학술논문

Fuzzy Feedback Multiagent Reinforcement Learning for Adversarial Dynamic Multiteam Competitions
Document Type
Periodical
Source
IEEE Transactions on Fuzzy Systems IEEE Trans. Fuzzy Syst. Fuzzy Systems, IEEE Transactions on. 32(5):2811-2824 May, 2024
Subject
Computing and Processing
Heuristic algorithms
Task analysis
Optimization
Fuzzy systems
Bayes methods
Reinforcement learning
Real-time systems
Bayesian optimization (BayesOpt)
fuzzy feedback control
multiagent systems
multiteam competition
reinforcement learning (RL)
Language
ISSN
1063-6706
1941-0034
Abstract
A large proportion of recent studies on cooperative multiagent reinforcement learning (MARL) focus on the policy-learning process in scenarios with stationary opponents (or without opponents).
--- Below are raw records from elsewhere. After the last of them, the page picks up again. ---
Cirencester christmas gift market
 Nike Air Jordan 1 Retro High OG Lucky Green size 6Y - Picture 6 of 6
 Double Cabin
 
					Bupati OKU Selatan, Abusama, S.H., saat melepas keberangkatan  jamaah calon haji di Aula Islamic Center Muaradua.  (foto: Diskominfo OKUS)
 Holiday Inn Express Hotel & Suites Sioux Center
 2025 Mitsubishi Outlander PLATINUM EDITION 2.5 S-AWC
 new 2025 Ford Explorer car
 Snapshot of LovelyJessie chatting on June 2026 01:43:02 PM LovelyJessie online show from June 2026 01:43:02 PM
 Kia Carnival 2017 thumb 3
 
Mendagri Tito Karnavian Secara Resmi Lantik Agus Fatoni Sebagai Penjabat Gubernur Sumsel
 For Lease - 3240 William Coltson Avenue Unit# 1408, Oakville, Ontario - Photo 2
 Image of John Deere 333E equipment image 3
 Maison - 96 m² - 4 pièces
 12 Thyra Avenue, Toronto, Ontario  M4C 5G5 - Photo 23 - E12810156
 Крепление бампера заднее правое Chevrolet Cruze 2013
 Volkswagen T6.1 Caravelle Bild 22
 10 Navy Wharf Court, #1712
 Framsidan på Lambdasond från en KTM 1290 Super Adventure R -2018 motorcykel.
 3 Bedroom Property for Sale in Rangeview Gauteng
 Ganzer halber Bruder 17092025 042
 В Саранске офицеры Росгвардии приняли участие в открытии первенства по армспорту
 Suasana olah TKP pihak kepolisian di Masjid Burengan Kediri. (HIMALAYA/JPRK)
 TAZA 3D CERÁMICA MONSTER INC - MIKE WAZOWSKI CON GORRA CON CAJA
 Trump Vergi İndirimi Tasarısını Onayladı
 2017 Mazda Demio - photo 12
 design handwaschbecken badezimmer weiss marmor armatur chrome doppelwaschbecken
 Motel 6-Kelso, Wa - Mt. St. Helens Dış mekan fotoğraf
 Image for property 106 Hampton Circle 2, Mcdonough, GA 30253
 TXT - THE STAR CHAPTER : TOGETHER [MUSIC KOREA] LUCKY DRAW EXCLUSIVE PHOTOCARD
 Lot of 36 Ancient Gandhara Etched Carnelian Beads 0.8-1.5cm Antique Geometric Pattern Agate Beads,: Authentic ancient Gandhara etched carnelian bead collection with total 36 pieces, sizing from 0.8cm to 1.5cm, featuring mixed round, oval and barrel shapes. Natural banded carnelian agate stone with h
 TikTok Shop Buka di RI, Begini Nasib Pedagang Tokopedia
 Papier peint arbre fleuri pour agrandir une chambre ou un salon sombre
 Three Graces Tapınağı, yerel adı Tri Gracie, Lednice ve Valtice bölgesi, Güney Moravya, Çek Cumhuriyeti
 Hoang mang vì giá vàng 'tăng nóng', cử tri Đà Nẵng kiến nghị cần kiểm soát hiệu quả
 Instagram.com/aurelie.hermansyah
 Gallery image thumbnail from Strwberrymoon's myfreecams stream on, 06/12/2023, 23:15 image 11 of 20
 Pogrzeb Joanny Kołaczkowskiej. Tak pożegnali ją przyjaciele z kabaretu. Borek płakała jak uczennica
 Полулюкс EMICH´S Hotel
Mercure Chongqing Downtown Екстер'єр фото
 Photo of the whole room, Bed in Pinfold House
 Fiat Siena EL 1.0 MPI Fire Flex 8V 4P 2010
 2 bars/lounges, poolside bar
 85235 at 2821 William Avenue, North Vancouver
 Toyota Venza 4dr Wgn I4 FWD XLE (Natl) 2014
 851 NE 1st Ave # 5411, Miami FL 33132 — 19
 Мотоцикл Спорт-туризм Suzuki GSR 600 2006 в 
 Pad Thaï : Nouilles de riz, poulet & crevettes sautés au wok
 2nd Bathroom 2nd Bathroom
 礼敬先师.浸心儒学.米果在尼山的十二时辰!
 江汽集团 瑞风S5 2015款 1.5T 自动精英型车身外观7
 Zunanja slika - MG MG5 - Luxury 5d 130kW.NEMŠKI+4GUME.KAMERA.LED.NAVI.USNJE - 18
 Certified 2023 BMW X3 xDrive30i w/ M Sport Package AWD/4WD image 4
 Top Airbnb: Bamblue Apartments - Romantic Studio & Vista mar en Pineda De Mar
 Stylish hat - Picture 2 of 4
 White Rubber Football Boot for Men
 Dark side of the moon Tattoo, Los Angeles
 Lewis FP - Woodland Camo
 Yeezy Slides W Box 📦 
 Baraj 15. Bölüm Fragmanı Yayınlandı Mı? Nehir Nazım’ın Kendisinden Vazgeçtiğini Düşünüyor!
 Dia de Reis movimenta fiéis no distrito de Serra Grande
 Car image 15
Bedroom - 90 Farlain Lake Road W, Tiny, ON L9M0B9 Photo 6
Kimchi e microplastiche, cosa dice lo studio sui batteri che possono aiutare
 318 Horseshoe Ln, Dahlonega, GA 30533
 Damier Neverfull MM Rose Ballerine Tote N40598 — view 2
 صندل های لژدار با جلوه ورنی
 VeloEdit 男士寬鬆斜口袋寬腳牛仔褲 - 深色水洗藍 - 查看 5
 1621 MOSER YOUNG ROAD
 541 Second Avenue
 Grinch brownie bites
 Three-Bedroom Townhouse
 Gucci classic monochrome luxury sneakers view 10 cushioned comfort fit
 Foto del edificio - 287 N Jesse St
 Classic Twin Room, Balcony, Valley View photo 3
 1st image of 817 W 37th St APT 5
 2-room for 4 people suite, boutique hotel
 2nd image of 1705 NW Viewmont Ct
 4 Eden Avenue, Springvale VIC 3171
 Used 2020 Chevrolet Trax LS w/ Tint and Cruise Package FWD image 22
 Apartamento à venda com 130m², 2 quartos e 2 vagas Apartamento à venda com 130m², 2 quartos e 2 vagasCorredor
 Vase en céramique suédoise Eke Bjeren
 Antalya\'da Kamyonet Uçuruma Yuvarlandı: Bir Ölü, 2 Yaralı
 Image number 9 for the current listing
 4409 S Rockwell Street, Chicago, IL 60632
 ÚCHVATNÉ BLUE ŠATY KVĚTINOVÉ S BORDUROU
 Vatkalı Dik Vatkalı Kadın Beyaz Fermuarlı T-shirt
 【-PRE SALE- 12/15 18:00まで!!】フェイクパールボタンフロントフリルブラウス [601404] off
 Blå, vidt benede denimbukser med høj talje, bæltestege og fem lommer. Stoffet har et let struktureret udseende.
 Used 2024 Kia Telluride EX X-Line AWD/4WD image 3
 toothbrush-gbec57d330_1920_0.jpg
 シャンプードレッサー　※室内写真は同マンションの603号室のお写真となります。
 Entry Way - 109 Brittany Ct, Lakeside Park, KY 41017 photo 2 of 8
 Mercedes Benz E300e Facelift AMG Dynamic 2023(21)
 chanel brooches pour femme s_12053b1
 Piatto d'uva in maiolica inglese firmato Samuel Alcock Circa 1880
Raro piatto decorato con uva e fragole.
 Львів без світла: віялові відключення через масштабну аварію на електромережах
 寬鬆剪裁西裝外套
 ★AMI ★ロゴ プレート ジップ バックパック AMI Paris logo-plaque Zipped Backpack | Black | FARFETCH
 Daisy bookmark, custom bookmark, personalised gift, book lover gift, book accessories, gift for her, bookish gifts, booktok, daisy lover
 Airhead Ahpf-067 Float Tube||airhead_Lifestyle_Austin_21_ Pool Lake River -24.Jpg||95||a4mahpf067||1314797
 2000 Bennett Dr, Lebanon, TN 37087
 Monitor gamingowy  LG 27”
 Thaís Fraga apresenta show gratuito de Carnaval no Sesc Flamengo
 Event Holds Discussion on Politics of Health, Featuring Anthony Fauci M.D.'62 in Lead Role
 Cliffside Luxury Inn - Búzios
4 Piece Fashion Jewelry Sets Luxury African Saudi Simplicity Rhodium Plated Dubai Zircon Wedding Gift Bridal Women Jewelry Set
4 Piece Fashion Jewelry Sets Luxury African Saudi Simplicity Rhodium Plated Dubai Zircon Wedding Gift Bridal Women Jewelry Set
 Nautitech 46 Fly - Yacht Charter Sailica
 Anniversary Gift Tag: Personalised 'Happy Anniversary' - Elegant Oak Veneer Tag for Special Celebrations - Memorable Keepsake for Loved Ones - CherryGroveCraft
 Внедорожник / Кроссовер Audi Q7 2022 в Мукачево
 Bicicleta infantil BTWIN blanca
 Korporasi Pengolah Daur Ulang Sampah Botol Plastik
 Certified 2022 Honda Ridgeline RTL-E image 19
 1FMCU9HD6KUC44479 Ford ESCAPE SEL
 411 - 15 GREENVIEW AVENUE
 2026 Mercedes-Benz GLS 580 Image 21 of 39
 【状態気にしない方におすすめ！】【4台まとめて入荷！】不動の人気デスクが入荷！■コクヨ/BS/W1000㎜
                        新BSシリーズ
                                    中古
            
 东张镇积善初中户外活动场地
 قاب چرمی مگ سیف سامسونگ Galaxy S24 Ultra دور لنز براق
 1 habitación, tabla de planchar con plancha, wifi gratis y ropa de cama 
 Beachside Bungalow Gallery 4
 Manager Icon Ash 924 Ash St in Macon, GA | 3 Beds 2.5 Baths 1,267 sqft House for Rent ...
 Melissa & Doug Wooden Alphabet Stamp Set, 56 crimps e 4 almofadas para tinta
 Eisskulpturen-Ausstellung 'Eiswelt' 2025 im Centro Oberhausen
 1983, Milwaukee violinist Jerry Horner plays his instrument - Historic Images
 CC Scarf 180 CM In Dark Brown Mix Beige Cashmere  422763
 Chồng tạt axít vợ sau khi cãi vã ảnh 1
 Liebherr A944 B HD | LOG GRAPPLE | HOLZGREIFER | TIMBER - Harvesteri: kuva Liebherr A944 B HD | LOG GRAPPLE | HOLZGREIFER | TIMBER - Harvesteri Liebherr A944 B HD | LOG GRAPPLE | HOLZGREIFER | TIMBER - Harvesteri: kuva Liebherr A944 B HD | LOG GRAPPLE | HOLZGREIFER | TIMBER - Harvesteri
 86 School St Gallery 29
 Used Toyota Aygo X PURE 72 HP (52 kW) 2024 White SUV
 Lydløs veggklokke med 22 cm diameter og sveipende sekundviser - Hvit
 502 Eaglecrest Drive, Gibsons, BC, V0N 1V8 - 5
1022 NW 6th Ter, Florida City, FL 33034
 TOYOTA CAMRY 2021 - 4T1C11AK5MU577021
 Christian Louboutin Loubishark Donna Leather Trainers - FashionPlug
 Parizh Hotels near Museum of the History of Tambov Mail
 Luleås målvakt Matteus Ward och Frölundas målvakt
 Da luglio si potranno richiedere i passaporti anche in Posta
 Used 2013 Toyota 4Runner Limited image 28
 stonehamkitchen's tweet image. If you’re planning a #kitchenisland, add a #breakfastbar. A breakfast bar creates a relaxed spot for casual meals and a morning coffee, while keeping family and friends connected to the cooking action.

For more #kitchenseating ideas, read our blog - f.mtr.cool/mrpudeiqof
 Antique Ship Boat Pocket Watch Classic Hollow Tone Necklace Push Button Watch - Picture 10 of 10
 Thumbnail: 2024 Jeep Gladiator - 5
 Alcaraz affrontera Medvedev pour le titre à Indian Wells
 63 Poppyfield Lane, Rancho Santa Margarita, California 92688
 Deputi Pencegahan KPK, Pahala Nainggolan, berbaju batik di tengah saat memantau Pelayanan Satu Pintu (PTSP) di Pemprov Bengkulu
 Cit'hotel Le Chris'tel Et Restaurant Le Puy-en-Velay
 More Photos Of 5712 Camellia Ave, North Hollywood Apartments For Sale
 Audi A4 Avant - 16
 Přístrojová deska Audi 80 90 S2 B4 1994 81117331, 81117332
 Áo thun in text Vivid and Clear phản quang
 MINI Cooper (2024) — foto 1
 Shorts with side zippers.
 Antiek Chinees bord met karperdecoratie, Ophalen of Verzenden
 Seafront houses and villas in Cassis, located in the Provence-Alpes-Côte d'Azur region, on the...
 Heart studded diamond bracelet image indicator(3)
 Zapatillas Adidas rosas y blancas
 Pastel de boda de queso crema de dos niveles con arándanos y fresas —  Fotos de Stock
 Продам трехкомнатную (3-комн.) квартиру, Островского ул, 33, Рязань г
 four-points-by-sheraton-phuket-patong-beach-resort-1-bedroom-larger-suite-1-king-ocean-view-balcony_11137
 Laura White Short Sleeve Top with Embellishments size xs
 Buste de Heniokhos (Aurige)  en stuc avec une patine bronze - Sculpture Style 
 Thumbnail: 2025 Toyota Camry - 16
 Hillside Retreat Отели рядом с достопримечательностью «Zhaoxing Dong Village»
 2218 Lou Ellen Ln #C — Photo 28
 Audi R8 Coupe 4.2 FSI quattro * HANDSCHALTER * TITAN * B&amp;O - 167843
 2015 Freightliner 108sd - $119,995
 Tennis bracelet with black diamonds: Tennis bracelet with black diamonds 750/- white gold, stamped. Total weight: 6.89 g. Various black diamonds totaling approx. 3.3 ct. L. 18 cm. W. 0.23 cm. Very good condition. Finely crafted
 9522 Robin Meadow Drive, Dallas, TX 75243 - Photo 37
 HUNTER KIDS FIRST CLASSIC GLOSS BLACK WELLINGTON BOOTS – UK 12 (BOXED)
This article, instead, investigates a different challenge of achieving team superiority in dynamic competitions among competitors that evolve dynamically with MARL. We aim to enhance the competitiveness of such MARL learners by enabling them to adjust their own learning settings dynamically, so as to take quick counter measures against the policy shift of competitor learners, or to learn faster to suppress the opponents. We propose a competitive automultiagent learner with fuzzy feedback (CALF) with two essential highlights: 1) CALF establishes feedback controllers to achieve real-time adjustments based on fuzzy logic, using human-readable fuzzy rules to provide significant explainability and flexibility; 2) CALF integrates Bayesian optimization to search and optimize the feedback fuzzy logic rules automatically. CALF can be used to apply real-time adjustments for MARL hyperparameters and intrinsic rewards. We also give solid empirical results to show that CALF significantly promotes team competitiveness in adversarial competitions, spanning from small-scale tasks involving two teams to large-scale tasks involving three teams and hundreds of agents. Furthermore, CALF exhibits superior competitiveness when engaging in competition with established competitors, such as Qmix, Qtran, and Qplex, in dynamic competitive environments. Moreover, the experiments also demonstrate that the integration of the fuzzy logic with Bayesian optimization offers considerable transferability and explainability, enabling a CALF-implemented learner optimized from one scenario to be transferred to other distinct scenarios.